Work required. Scan the records for the line containing "It will get". From there through the last line, write out each line exactly.

The data.

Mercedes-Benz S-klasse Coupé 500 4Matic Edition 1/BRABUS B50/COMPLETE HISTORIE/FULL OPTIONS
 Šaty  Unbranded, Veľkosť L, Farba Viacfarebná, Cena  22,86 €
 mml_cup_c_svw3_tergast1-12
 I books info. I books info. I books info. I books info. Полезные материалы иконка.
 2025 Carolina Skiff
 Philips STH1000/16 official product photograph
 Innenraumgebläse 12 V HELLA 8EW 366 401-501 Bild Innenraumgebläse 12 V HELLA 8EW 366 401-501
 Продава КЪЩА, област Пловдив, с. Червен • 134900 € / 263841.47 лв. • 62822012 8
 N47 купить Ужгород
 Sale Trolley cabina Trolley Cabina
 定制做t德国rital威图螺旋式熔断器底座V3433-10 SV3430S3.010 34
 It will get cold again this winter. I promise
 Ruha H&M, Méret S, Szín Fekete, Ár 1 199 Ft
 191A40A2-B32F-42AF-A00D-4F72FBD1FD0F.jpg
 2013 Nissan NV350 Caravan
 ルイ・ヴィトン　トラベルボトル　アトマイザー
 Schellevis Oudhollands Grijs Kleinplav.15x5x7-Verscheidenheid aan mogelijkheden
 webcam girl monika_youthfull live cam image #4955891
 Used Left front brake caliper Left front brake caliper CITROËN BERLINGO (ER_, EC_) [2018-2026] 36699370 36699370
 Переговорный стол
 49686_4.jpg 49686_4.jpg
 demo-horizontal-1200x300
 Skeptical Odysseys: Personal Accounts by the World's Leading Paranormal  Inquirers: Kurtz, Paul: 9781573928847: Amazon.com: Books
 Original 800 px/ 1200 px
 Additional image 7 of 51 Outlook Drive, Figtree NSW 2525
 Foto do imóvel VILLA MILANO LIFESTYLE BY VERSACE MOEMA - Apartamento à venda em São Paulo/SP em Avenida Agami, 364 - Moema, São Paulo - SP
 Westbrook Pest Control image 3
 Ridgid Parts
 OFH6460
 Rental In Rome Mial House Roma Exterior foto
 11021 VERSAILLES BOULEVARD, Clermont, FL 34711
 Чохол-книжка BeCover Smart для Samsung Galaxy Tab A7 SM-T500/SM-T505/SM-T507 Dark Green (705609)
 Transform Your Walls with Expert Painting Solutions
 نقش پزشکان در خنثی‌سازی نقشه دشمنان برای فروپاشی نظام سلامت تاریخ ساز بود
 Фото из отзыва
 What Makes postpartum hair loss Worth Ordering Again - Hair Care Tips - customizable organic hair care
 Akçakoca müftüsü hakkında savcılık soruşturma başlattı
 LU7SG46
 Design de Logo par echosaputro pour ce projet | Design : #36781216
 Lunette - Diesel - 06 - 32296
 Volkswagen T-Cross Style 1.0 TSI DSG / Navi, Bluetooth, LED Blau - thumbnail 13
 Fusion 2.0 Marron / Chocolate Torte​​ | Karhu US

Solution to this task.
 It will get cold again this winter. I promise
 Ruha H&M, Méret S, Szín Fekete, Ár 1 199 Ft
 191A40A2-B32F-42AF-A00D-4F72FBD1FD0F.jpg
 2013 Nissan NV350 Caravan
 ルイ・ヴィトン　トラベルボトル　アトマイザー
 Schellevis Oudhollands Grijs Kleinplav.15x5x7-Verscheidenheid aan mogelijkheden
 webcam girl monika_youthfull live cam image #4955891
 Used Left front brake caliper Left front brake caliper CITROËN BERLINGO (ER_, EC_) [2018-2026] 36699370 36699370
 Переговорный стол
 49686_4.jpg 49686_4.jpg
 demo-horizontal-1200x300
 Skeptical Odysseys: Personal Accounts by the World's Leading Paranormal  Inquirers: Kurtz, Paul: 9781573928847: Amazon.com: Books
 Original 800 px/ 1200 px
 Additional image 7 of 51 Outlook Drive, Figtree NSW 2525
 Foto do imóvel VILLA MILANO LIFESTYLE BY VERSACE MOEMA - Apartamento à venda em São Paulo/SP em Avenida Agami, 364 - Moema, São Paulo - SP
 Westbrook Pest Control image 3
 Ridgid Parts
 OFH6460
 Rental In Rome Mial House Roma Exterior foto
 11021 VERSAILLES BOULEVARD, Clermont, FL 34711
 Чохол-книжка BeCover Smart для Samsung Galaxy Tab A7 SM-T500/SM-T505/SM-T507 Dark Green (705609)
 Transform Your Walls with Expert Painting Solutions
 نقش پزشکان در خنثی‌سازی نقشه دشمنان برای فروپاشی نظام سلامت تاریخ ساز بود
 Фото из отзыва
 What Makes postpartum hair loss Worth Ordering Again - Hair Care Tips - customizable organic hair care
 Akçakoca müftüsü hakkında savcılık soruşturma başlattı
 LU7SG46
 Design de Logo par echosaputro pour ce projet | Design : #36781216
 Lunette - Diesel - 06 - 32296
 Volkswagen T-Cross Style 1.0 TSI DSG / Navi, Bluetooth, LED Blau - thumbnail 13
 Fusion 2.0 Marron / Chocolate Torte​​ | Karhu US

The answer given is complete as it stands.